IV No entanto, para grande surpresa da Ré, vem o Tribunal da Relação sustentar o seu Acórdão num suposto erro-vício na vontade negocial do Autor relativamente à tipologia do imóvel. Com efeito, diz-nos o ponto II do sumário do Acórdão que: “II. O comprador que, na visita prévia realizada ao imóvel juntamente com as informações obtidas (essenciais na formação da sua vontade de comprar) recepcionou um espaço onde estava a ser explorado um alojamento temporário para turistas, com seis quartos, quando, na realidade, não possuía licença municipal que autorizava essa actividade e principalmente não é possível obter licença de utilização para habitação de um T6 mas apenas de um T1, formou, com erro vício, a sua vontade negociar, causado por dolo omissivo.” V Essa essencialidade da tipologia – conceito e matéria sobre a qual nos debruçaremos adiante –, apesar de abordada em sede de audiência de julgamento, não foi articulada pelo Autor como fundamento da sua pretensão e por isso não foi sujeita ao contraditório da Ré.
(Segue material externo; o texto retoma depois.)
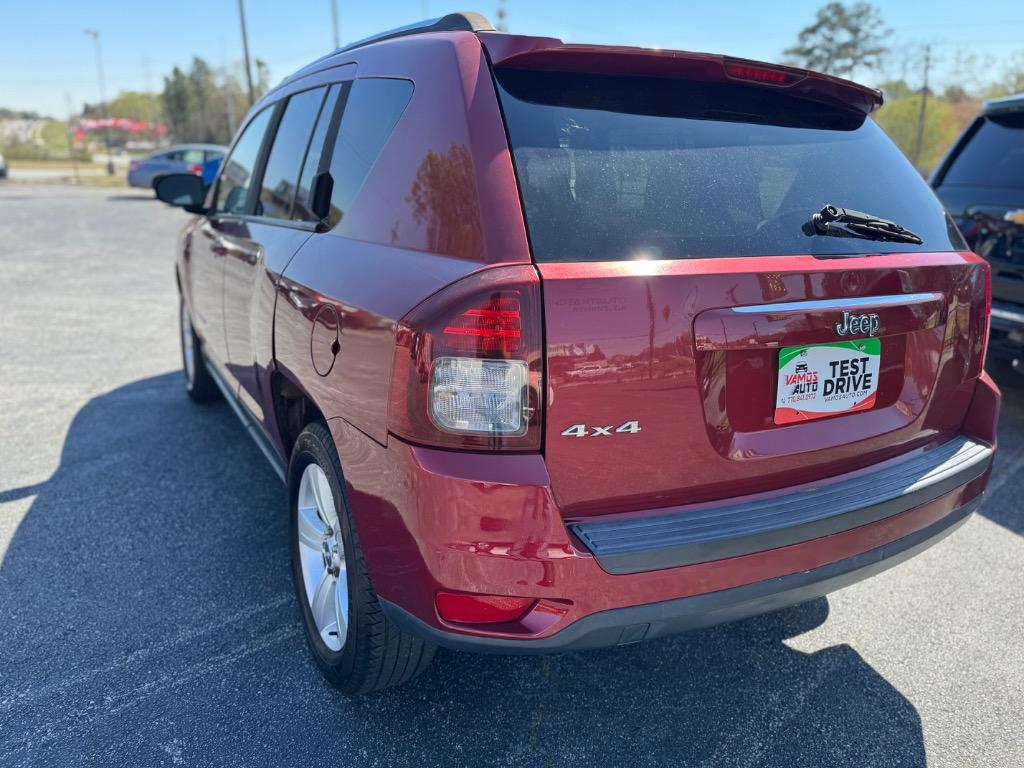 2014 Jeep Compass Sport photo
Não tendo sido a Ré confrontada com esse facto de modo a que lhe fosse possível tomar uma posição processual sobre o mesmo, pelo que, com essa decisão, o Acórdão ora recorrido violou grosseiramente o estipulado no Artigo 5o n° 2 do CPC.

VI. Não desconhecendo a Ré os poderes de cognição do tribunal plasmados nesse preceito e a amplitude que lhe foi dada por via das sucessivas reformas do C.P.C., tais poderes não são ilimitados! Efectivamente dispõe a alínea b) do nº2 do Artigo 5º do C.P.C. que: “Além dos factos articulados pelas partes, são ainda considerados pelo juíz: (…) b) os factos que sejam complemento ou concretização dos que as partes hajam alegado e resultem da instrução da causa, desde que sobre eles se tenham tido a possibilidade de se pronunciar…” Ora, no nosso entendimento, e na esteira daquilo que vem sendo preconizado pela doutrina e jurisprudência maioritárias, o Acórdão de que se recorre violou o preceito legal supra referido por duas ordens de razão, a saber; a) uma razão de substância, uma vez que os factos de que lançou mão, para estribar a sua decisão (e como tal essenciais), não são meramente complementares dos que foram alegados. A tipologia do imóvel e a sua essencialidade para o negócio, tal como é configurado no Acórdão de que se recorre, terá de ser necessariamente considerado um facto essencial tout court, já que, por si só, implica uma alteração da causa de pedir (ou pelo menos uma ampliação da causa de pedir) que não aquela que suporta o pedido formulado pelo Autor na PI e demais articulados, o que aliás é cabalmente demonstrado se atentarmos nos supra referidos temas da prova fixados e que balizaram as traves mestras do processo.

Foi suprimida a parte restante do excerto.